Nov 10 1938, at the age of 57 Ataturk the father of the Turkish republic died.

71 years later i'm standing in Taksim square just a mile or so away from Dolmabache Palace where he died.
At 9:05, precisely the time Ataturk died, most traffic stops moving except for a few motorcycles trying to make a timely delivery and most Turkish citizens stop moving and bear 1 minute of silence in rememberance of the legendary Turkish leader

Of course i'm slightly confused and stumbling around my room in the early rays of morning light at this time, because i'm not a morning person by any grand stretch of the imagination, i wasn't for the 12 years of life when my mother had to bribe me to get out of bed in the morning untill now where it is rough going to get up for a 11 o clock class

As i step out of the shower to start my busy day...one of the few i've had while here...a loud siren goes off..so loud that i am transported in time back to WWII and the bomb raids....that kind of siren.

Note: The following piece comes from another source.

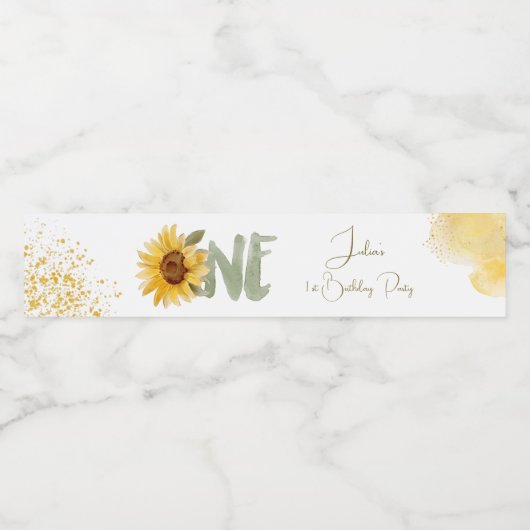 水彩ひまわり最初の誕生日 ペットボトルラベル (シングルラベル)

It throws off my foggy concentration and i slip and fall, but no one hears thankfully since the sirens are echoing across Turkey.

At the statue of Ataturk, of which many are situated around the city, police barricades have been placed and a fully dressed guard stands patiently in front of the flowered wreaths respectfully placed in front of every statue of him.

It's beautiful, the respect and honor the place on their beloved leader, and whether you like the man or not, you can understand and admire the way that his people respect him.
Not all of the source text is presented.